Australian rugby league footballer (1972–2024)

Terence Christopher Hill (22 January 1972 – 24 April 2024) was an Australian professional rugby league footballer who played as a in the 1990s and 2000s. He played in the NRL for the South Sydney Rabbitohs, Eastern Suburbs, Western Suburbs Magpies, Manly-Warringah Sea Eagles and the Wests Tigers as well as representative football for New South Wales and Australia. He was also well known for his promotional television work with Lowes Menswear.

==Playing career==
Hill began his career at South Sydney in 1990 making his first grade debut for the club in round 1 against Canterbury. He scored a try in South Sydney's 14–10 loss at the old Sydney Football Stadium. He would play nine games in his debut season as the club finished with the Wooden Spoon. He went to Eastern Suburbs in 1991 and Western Suburbs in 1992/1993.

Hill moved to the Manly-Warringah Sea Eagles in 1994. At the end of the 1994 NSWRL season, he went on the 1994 Kangaroo tour. In 1995, Hill played 16 games and scored nine tries as the club won the Minor Premiership. Hill would play in that season's grand final where Manly suffered a shock 17–4 defeat against Canterbury. Manly had only lost two games all year heading into the decider. The following year, Manly claimed the Minor Premiership again and reached their second consecutive grand final. Hill played at centre in the clubs 20–8 victory over St. George.

Hill was the season's top try-scorer in the ARL half of 1997's split competition. Manly would claim a third straight Minor Premiership and also reach the grand final once again. Hill would play at centre in the grand final as Manly suffered a heart breaking 22–16 loss to Newcastle. In 2000, Hill signed for the newly formed Wests Tigers club. He played in their inaugural game, a 24–24 draw with Brisbane at Campbelltown Stadium.

At the beginning of 2004, Hill had signed for South Sydney but a groin injury during pre-season training caused him to retire. By the end of the year, Hill was training once more with another former club, Manly-Warringah. He went on to make 16 appearances for Manly in the 2005 season. His final game in the top grade was a 46–22 loss against Minor Premiers Parramatta in the qualifying final.

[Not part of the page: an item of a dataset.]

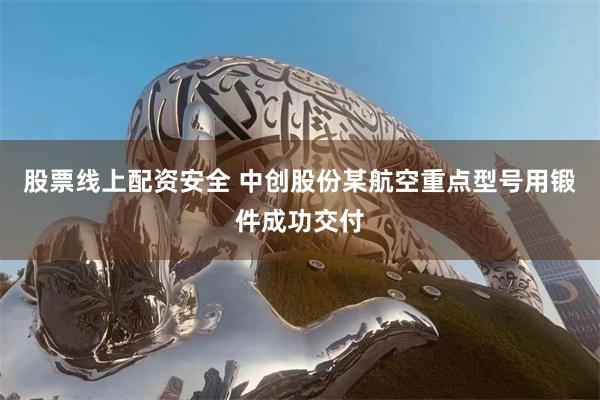 股票线上配资安全 中创股份某航空重点型号用锻件成功交付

Hill was called out of retirement in 2006 to play rugby union for the Central Coast Waves. He suffered a knee injury during the Grand Final of the NSW Country Caldwell Cup and was unable to take any part in the Waves' 2006 Shute Shield campaign.

===Representative career===
Hill was selected to represent New South Wales in State of Origin series as a centre in six series:
- Game III of the 1993 State of Origin series
- All games of the 1995 State of Origin series
- All games in the 1997 State of Origin series
- All games in the 1998 State of Origin series
- All games in the 1999 State of Origin series
- Game I of the 2000 State of Origin series

Hill earned selection for the Australian national team on nine occasions from 1994 to 1998, scoring eight tries. He was a 1994 Kangaroo tourist before playing in his first international against New Zealand in 1995. Hill was reported for head-butting in this match and was suspended for four weeks, missing the following two tests. Hill would go on to play nine tests for Australia until 1998, including centre for Australia in their 16–8 win over England in the 1995 Rugby League World Cup Final at London's Wembley Stadium.

===Career highlights===
- First Grade Debut: 1990 – Round 1 South Sydney vs Bulldogs at Sydney Football Stadium, 17 March
- Representative Debut: 1993, City vs Country Origin, 23 April at Parramatta Stadium. Started in the centres for City Origin.
- State of Origin Debut: 1993, game 3 at Lang Park, 31 May. Started from the bench.
- International Selection: 1995, Australia vs New Zealand, game I at Suncorp Stadium 23 June, scoring one try
- Premierships: 1996 Grand Final – member of the Manly-Warringah team that defeated St. George Dragons, 20-8

== Court case over draft system ==
Hill greatest influence on the game was changing the draft system. Hill became embroiled in the "External and Internal Draft" system in the 1991 season when, after agreeing to a playing and employment deal with the Western Suburbs Magpies, he was drafted from the Internal Draft pool by Eastern Suburbs. Hill and 126 other plaintiffs took the NSW Rugby League to court, arguing the draft was a restraint of trade. Hill's initial appeal was overturned and he eventually agreed to a three-year contract with Easts. By the end of 1991 the High Court had overturned the draft system and in 1992 Hill was given a release and he was able to move on to Western Suburbs Magpies.

==Television career==
Hill regularly appeared in television advertisements for Lowes Menswear. He was a regular contributor to Channel Nine's The Footy Show in the 1990s. Hill quit the program in 1998 claiming he wanted to focus on his football career.

==Coaching career==
Following his retirement from professional rugby league, Hill coached teams in the New South Wales Country Rugby League. Formerly with the Umina Bunnies, he was appointed head coach at the Kincumber Rugby League Football Club in the Central Coast Division for 2008.

==Controversies==
In 1994, Hill was selected on the Kangaroo touring squad for England. Shortly before the squad departed Australia, Hill was charged with two counts of assault occasioning actual bodily harm on an ABC radio producer, Tony Twiss, and his friend Peter Krahe. The charges related to an incident outside the Woollahra Hotel on 24 September when Twiss and Krahe intervened in an argument involving Hill and his wife Tracey. There was discussion whether Hill would be dropped from the tour, but ARL executive chairman Ken Arthurson ultimately ruled that Hill was innocent until found guilty and allowed him to tour.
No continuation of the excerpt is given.